CATALYST VENTURES, INC. CHANGE OF CONTROL AGREEMENT
Exhibit 10.3
CATALYST VENTURES, INC.
THIS CHANGE OF CONTROL AGREEMENT (The "Agreement") is effective as of this 9st day of November, 2009 by and between XXXXXXX XXXXXXX XXXXX ("Employee" or “Executive”) and CATALYST GROUP HOLDINGS INCORPORATED. a Delaware corporation (the "Corporation").
Recitals
The board of directors of the Corporation (the “Board”) believes it is in the best interests of the Corporation to provide Executive with compensation arrangements and equity benefits upon a Change of Control (defined below), that are intended to provide Executive with enhanced financial security, are competitive with those of other corporations, and provide sufficient incentive to Executive to remain at the Corporation as an employee through a Change of Control.
In consideration of the mutual covenants and promises herein contained, the parties agree as follows:
1. Change of Control: Severance Benefits. Subject to the terms of this Agreement, if Executive's employment with Corporation terminates at any time, then the following shall apply:
(a) Voluntary Resignation: Termination For Cause.
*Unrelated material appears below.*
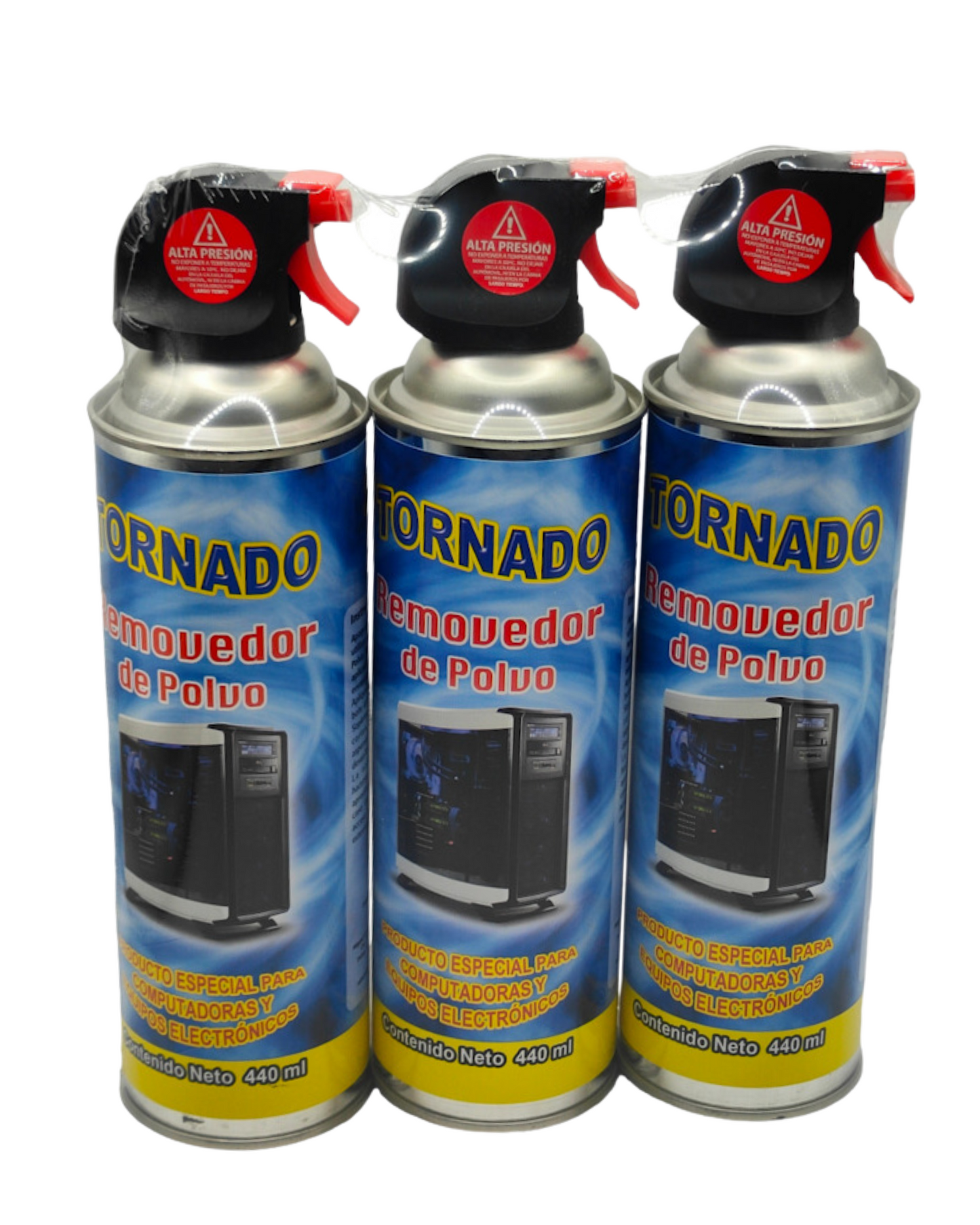 Kit 3 Piezas Aire Comprimido Removedor de Polvo 340g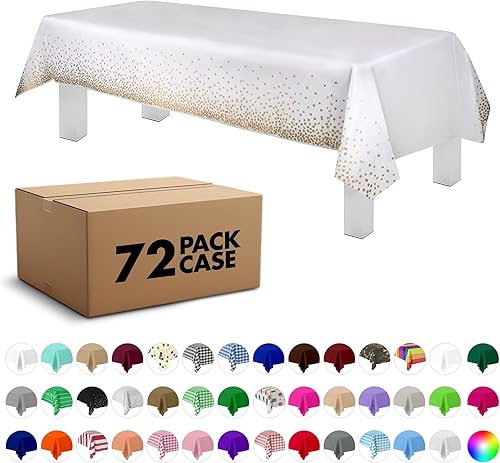 Miniatura 71 de Mantel de plástico de alta calidad - 54 in. x 108 pulgadas. Grandipity - Mantel rectangular (6 y 12 unidades), Azul cielo a cuadros Feliz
If Employee's
employment terminates in a voluntary resignation (and not an Involuntary Termination), or if the Employee is terminated for Cause, or if Employee voluntarily accepts a position below the level of vice president, then Employee shall not be entitled to receive severance or other benefits except for those (if any) as may be available under the Corporation's severance and benefits plans and policies then existing at the time of such termination. For the avoidance of doubt, nothing in this Agreement shall affect Executive’s right to retire pursuant to his employment agreement and/or Executive’s right to receive retirement benefits.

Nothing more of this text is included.